Kültürel duyarlılıklar, özellikle aidiyetler her zaman siyasi hayatımızın belirleyici unsuru oldu.
Ancak bu belirleyiciliğin siyasi arenayı şekillendirmesi 90'lı yıllarla başladı. Bu dönemde Kürt kimlik hareketi ve duyarlılığı bu çerçevede oluşan siyasi partiler, sol oyların kategorik olarak azalmasında önemli unsurlardan birisini oluşturmuştu. Benzer bir şekilde dindar oyların merkez sağdan çekilmesi, MNP-MSP-RP geleneğine kayması bu “merkez siyasi bölgede” yaşanan çöküntünün ilk ciddi nedeniydi. Türkiye'de bu yeni dağılımın, oluşan yelpazenin sonuçlarını 1993-2002 arasında merkez sağ ve sol krizi, koalisyon zorunlukları ve istikrarsızlık olarak teneffüs etti.
1990'lara hangi açıdan bakarsak bakalım, bireyi hak ve özgürlükleri açısından kültürel yönleriyle yeniden tanımlayan kimlikler şemsiyesini görürüz. 1990'lı yıllarda çeşitli gazetelerde yazdığım yazılara bakınca kimlik meselesinin ne denli kaplayıcı bir yer tuttuğunu tekrar görüyorum. O dönemde çıkan Yeni Yüzyıl Gazetesi, tartışma sayfalarıyla, bugün pek çoğu olgun akademisyen ve entelektüel olan isimlerin kimlik meselesini politik ve teorik olarak egemen tartışma unsuru kılmalarının tanıdığıdır.

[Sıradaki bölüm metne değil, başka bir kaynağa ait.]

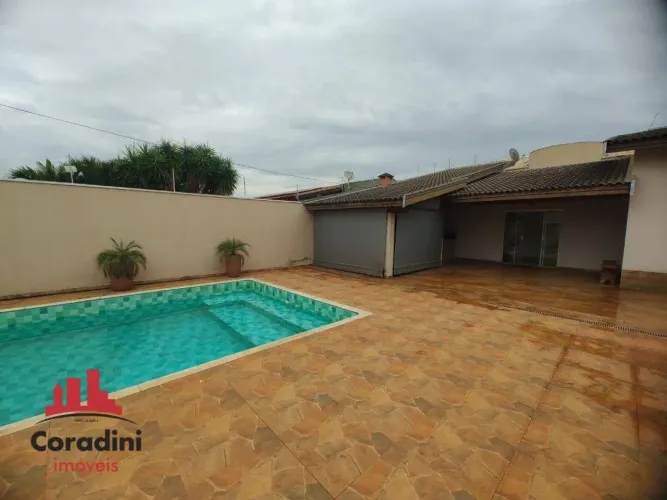 Casa estilo edicúla à venda bairro Maria Helena - Nova Odessa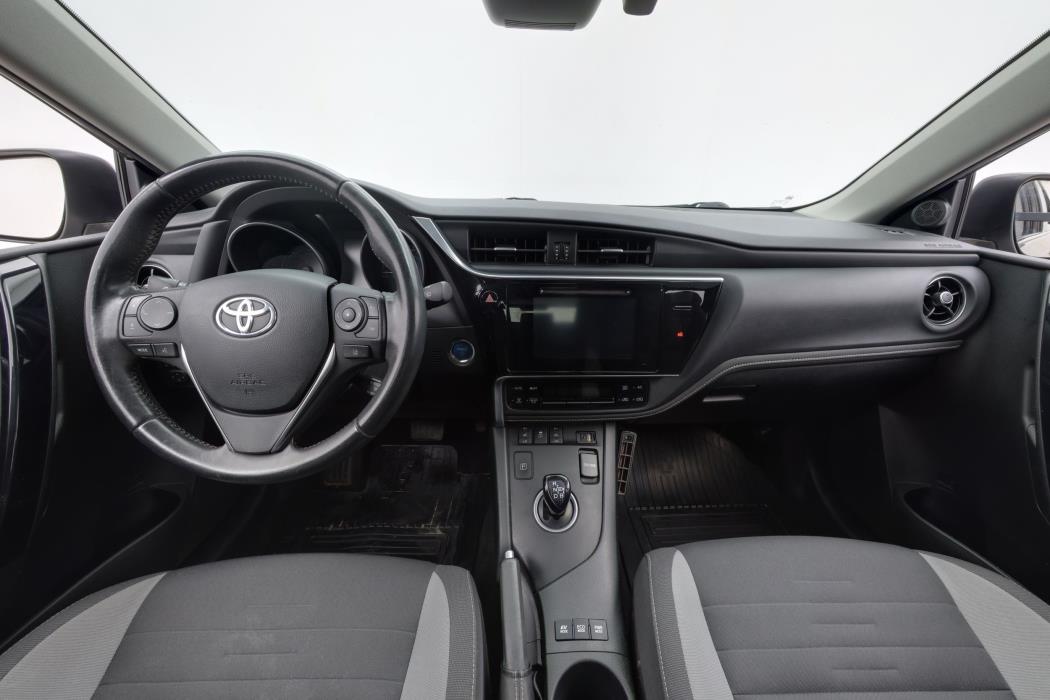 Toyota Auris 2017
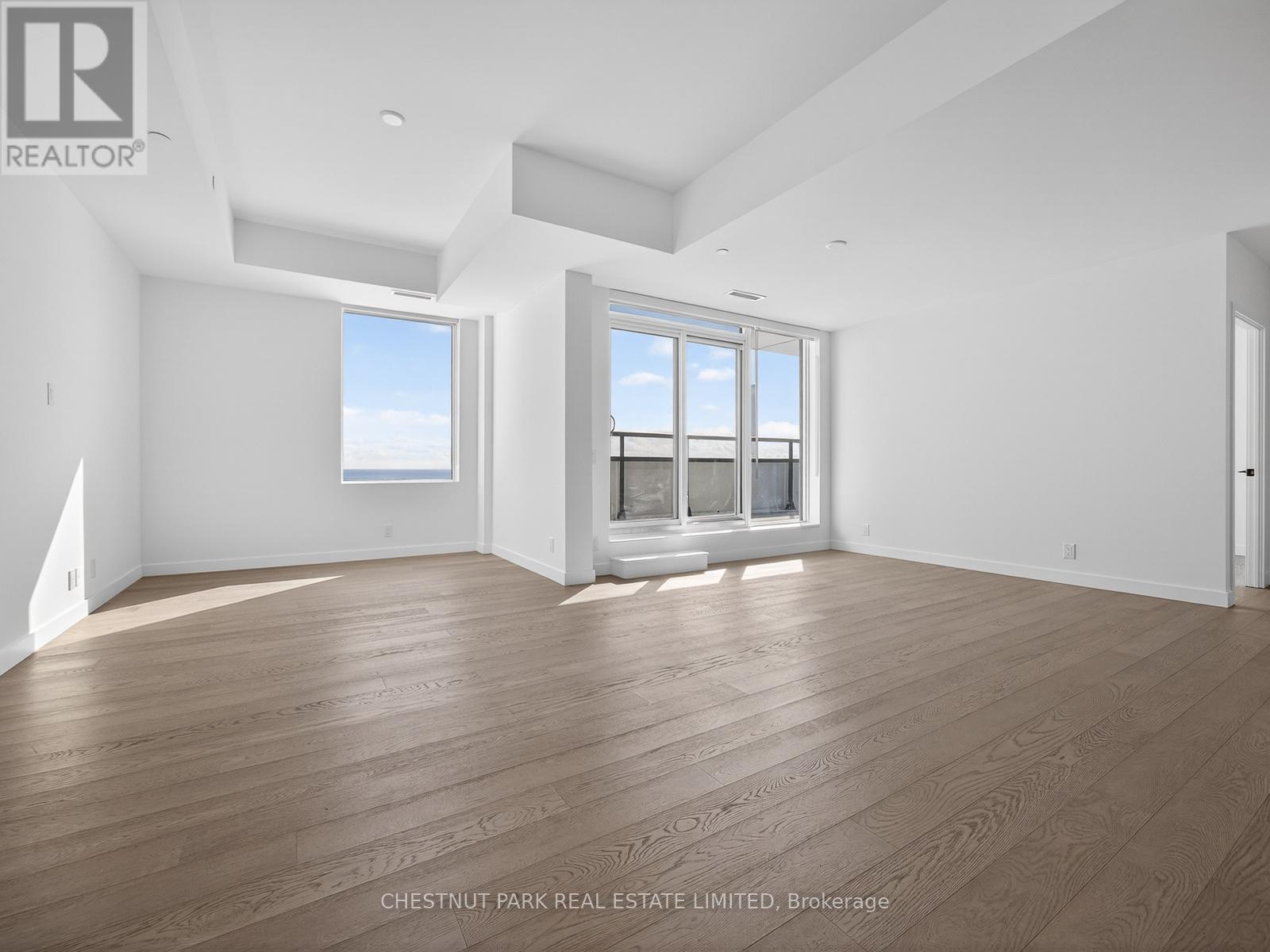 1502 - 1050 Eastern Avenue, Toronto, Ontario  M4L 0B7 - Photo 4 - E13239488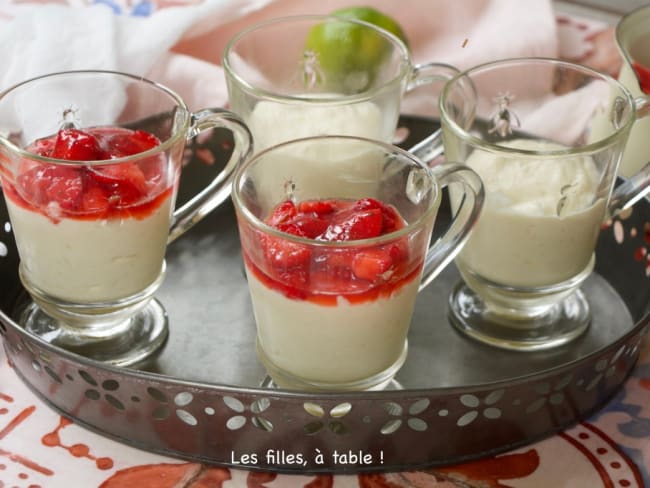 Mousse de brocciu au citron vert et fraises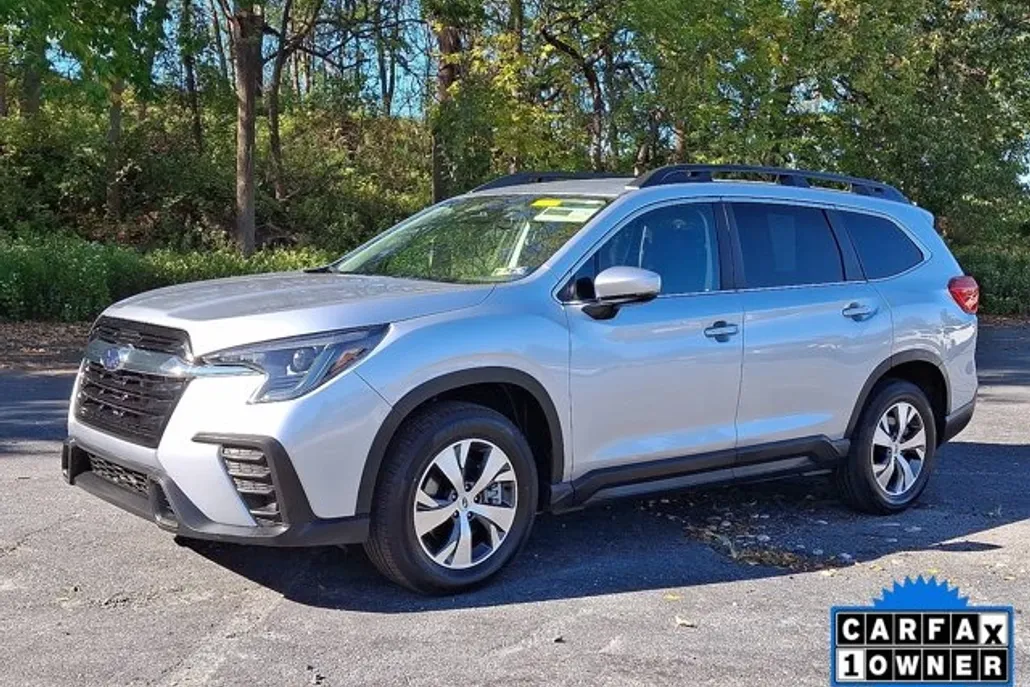 2024 Subaru Ascent Premium photo 1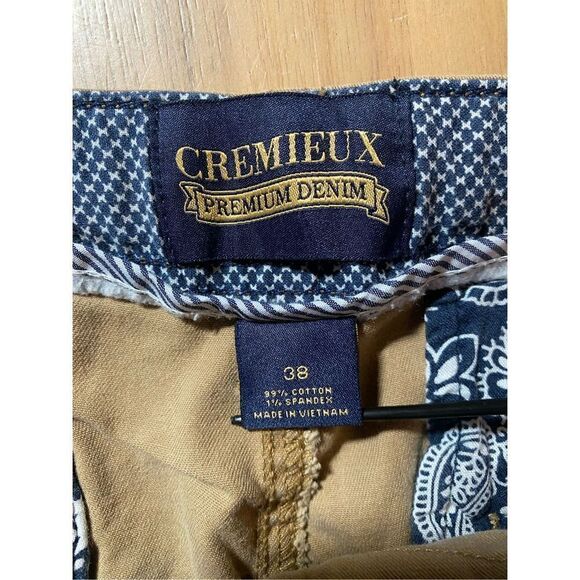 Cremieux Premium Denim Cargo Shorts - Picture 3 of 5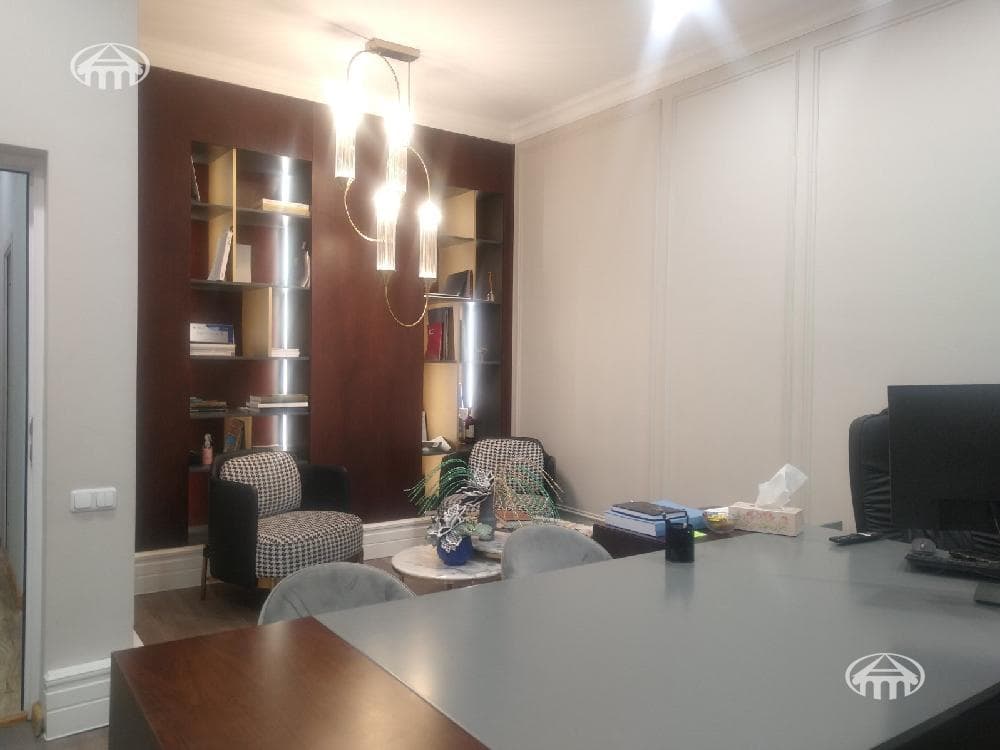 Office · 76 m² · Kentron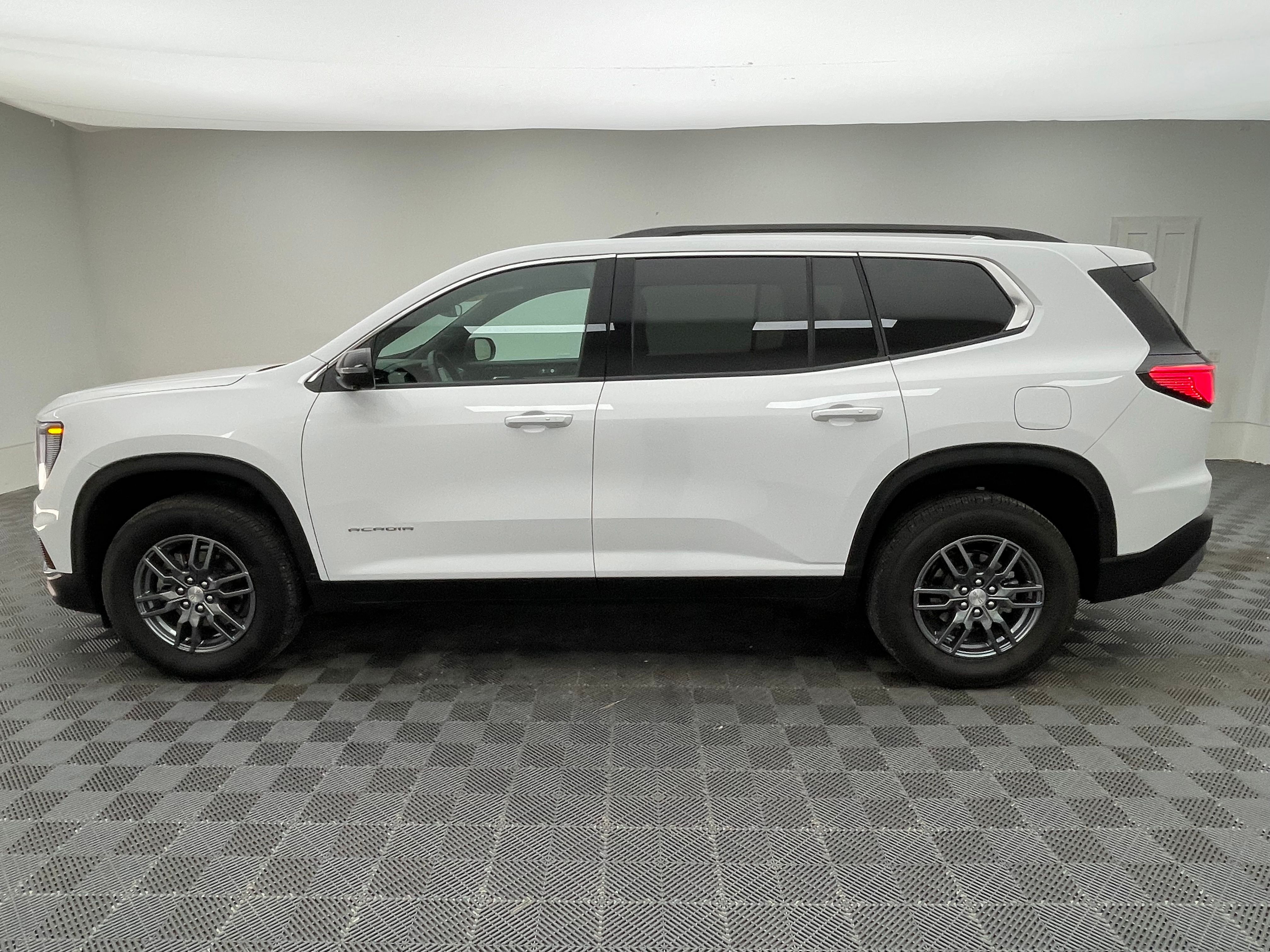 Used 2025 Summit White GMC Elevation image 12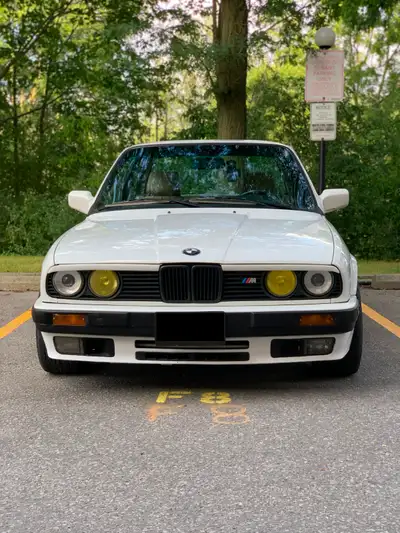 Overview I’m offering my 1989 BMW 325is (E30) — a true classic, enthusiast-owned since 1998. This ca...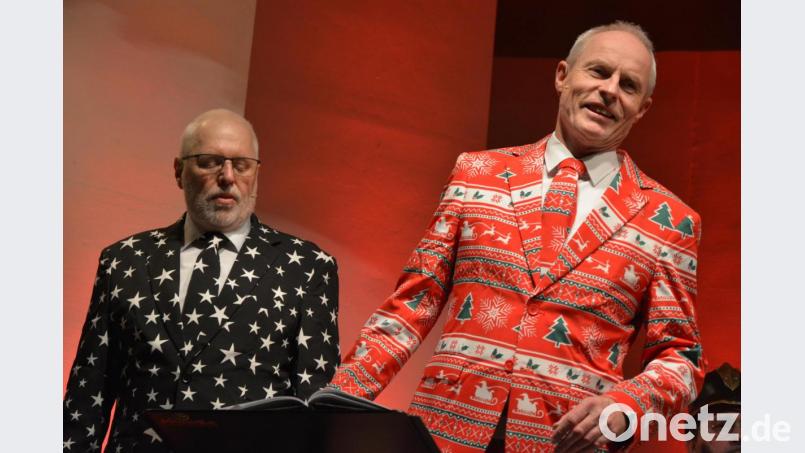 Den zweiten Teil des Abends gestalteten Christian Höllerer (links) und Norbert Neugirg im bunten Outfit. Bild: jr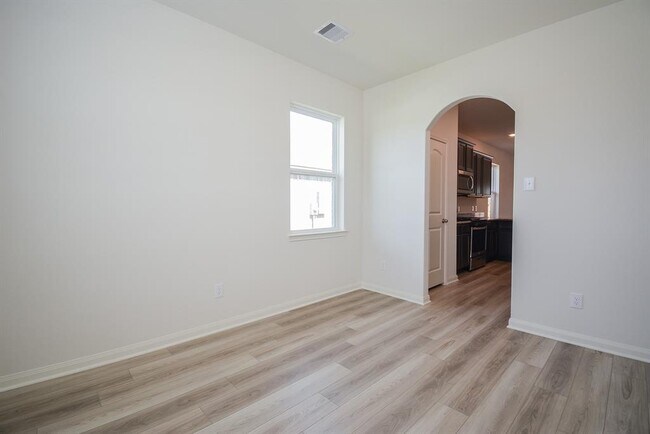 Building Photo - 569 Amberwood Pk Dr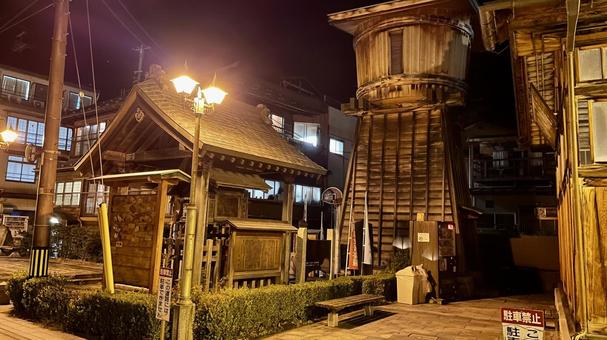 飯坂温泉発祥の地 飯坂温泉発祥の地 飯坂温泉,街並み,温泉街の写真素材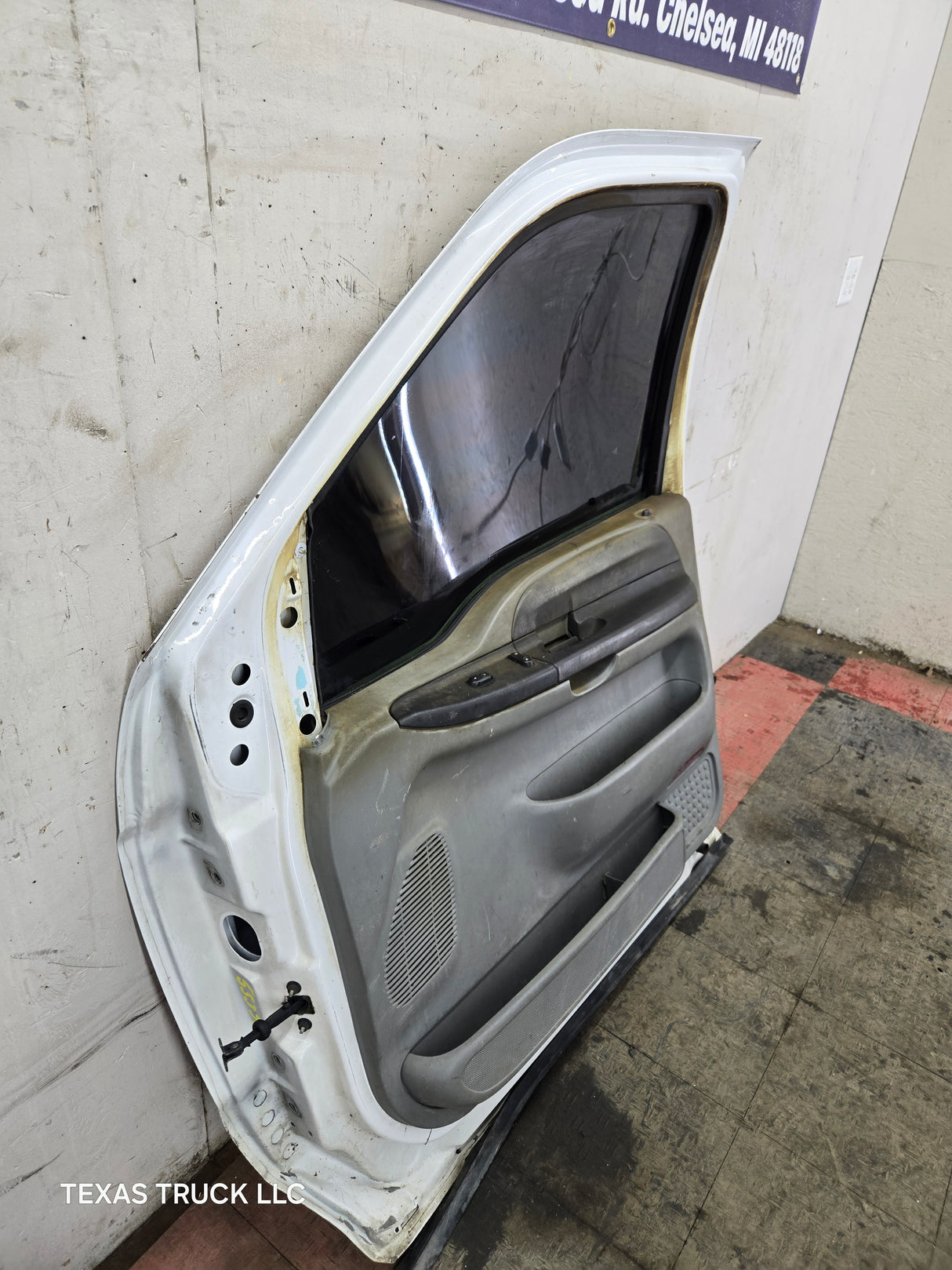 1999-2011 Ford Super Duty Front Passenger Side Door F250 F350 F450 F550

2002 sonrası bu dalganın kurucu bir evresi oldu. 28 Şubat gibi yaşanan krizlerin, bu krizlerin ürettiği etkileşimlerin, örneğin MNP-MSP-RP geleneğinin devamı olan FP ve AK Parti'nin AB üzerinden evrensel değerlere açtığı kapıların da etkisiyse, AK Parti üzerinden Türkiye'de yeni bir sayfanın oluşmasına yol açtı.